The above provisions do not affect statutory retention obligations (e.g. accounting requirements). Data appearing on invoices and accounting documents cannot be deleted due to legal obligations.

6. Method of Data Processing

By using the Motibro platform, users accept the following statement:
“I acknowledge that my provided data are stored by MotiBro Szolgáltató Korlátolt Felelősségű Társaság (4482 Kótaj, Kert utca 1.) as a data processor in the Motibro software, which supports gym administration tasks, including guest registration, ticket and pass purchases, management of purchased tickets and passes, and sending administrative emails.”

6.1.

Personal data are provided via registration, website usage, questionnaires, postal or electronic communication, or other individual methods.

6.2.

Personal data are recorded separately according to each data processing purpose.

6.3.

Access to personal data is limited to:

  • employees of the Data Controller;
  • employees of the Data Processors listed below;
  • authorities requesting data during official procedures as required by law;
  • debt collection agencies engaged by the Data Controller for overdue claims;
  • other persons with the explicit consent of the Data Subject.

6.4.

The Data Controller undertakes an unlimited and strict confidentiality obligation regarding personal data and shall not disclose them to third parties without the Data Subject’s consent.

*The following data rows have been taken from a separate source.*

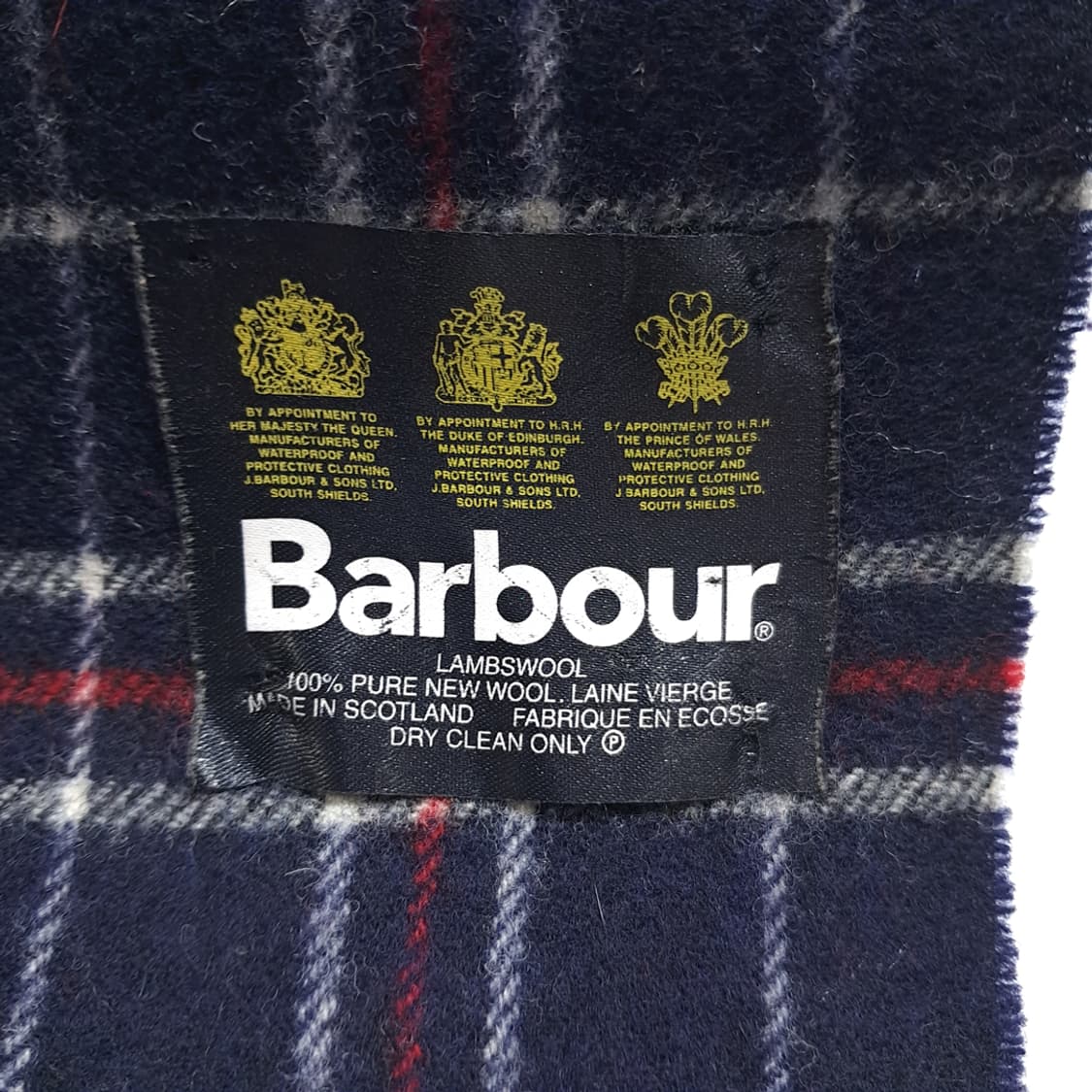 MX534 바버 90s 스코틀랜드판 램스울 타탄체크 네이비 머플러 목도 상품이미지4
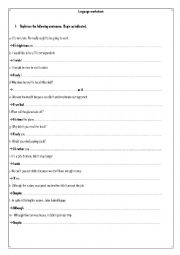 English Worksheet: Rephrasing sentences + Using inversion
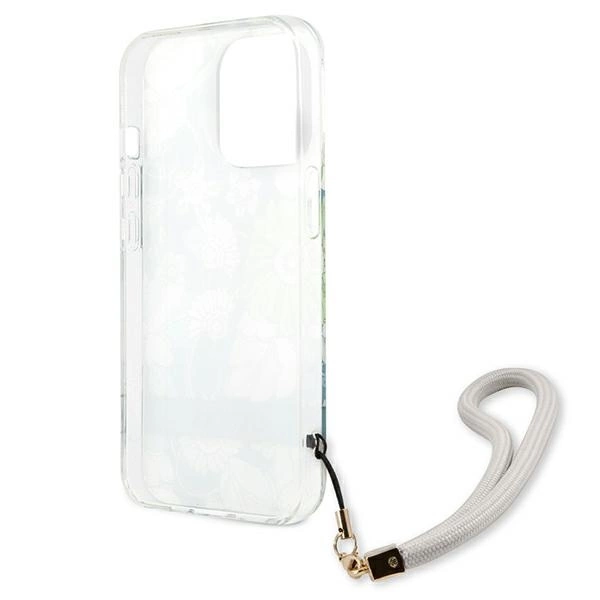 Etui Guess Flower Strap na iPhone 13 Pro Max - zielone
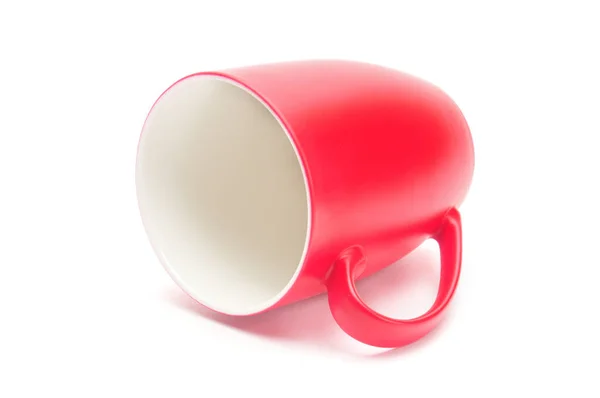 红杯茶 咖啡和卡布奇诺与孤立的白色背景 — 图库照片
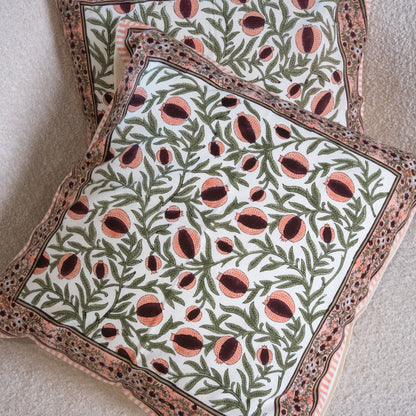 Pomegranate Orchard — Hand Block-Printed Cushion Cover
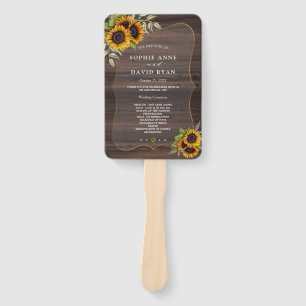 Watercolor Sunflowers Barn Frame Wedding Program Hand Fan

7. Data Processing Partners

7.1.

The Data Controller uses the following data processors:

  • Motibro — registration and customer management system
  • Carrd — website system

8. Data Security

8.1.

The Data Controller ensures the security of personal data and implements appropriate technical and organizational measures to comply with data protection regulations.

8.2.

Personal data are protected against unauthorized access, alteration, transmission, disclosure, deletion, destruction, and accidental loss or damage.

9. Information Requests, Rectification, Deletion, Restriction

9.1.

The Data Subject may:

  • request information about the processing of their personal data;
  • request rectification of personal data;
  • request deletion or restriction of personal data;
  • object to the processing of personal data.

9.2.

Information may only be refused in cases specified in Sections 9(1) and 19 of the Hungarian Information Act (Infotv.).

9.3.

Upon request, the Data Controller provides written information within 30 calendar days regarding processed data, purposes, legal basis, duration, data processors, and recipients.

9.4.

Inaccurate personal data must be rectified.

9.5.

Personal data must be deleted if:

  • processing is unlawful;
  • deletion is requested by the Data Subject;
  • data are inaccurate and cannot be lawfully corrected;
  • the purpose of processing has ceased;
  • statutory retention periods have expired;
  • deletion is ordered by a court or the data protection authority.

10. Legal Remedies

10.1.

The Data Subject may object to data processing under Section 21 of the Infotv. The Data Controller shall investigate the objection within 15 calendar days and inform the Data Subject in writing.

10.2.

If the Data Subject disagrees with the decision or the deadline is missed, they may initiate court proceedings within 30 calendar days.

10.3.

Legal action may be brought before the competent court, in Budapest before the Budapest-Capital Regional Court.

10.4.

Complaints may also be submitted to the Hungarian National Authority for Data Protection and Freedom of Information:

  • Name: National Authority for Data Protection and Freedom of Information
  • Address: 1024 Budapest, Szilágyi Erzsébet fasor 22/C
  • Website: www.naih.hu
  • Phone: +36 (1) 391-1400
  • Email: ugyfelszolgalat@naih.hu

11. Unilateral Amendment

11.1.

The Data Controller reserves the right to unilaterally amend this Privacy Policy.

11.2.

The current version of the Privacy Policy is published on the website www.growzone.hu. By using the services of the Data Controller, the Data Subject accepts the amended Privacy Policy by implication.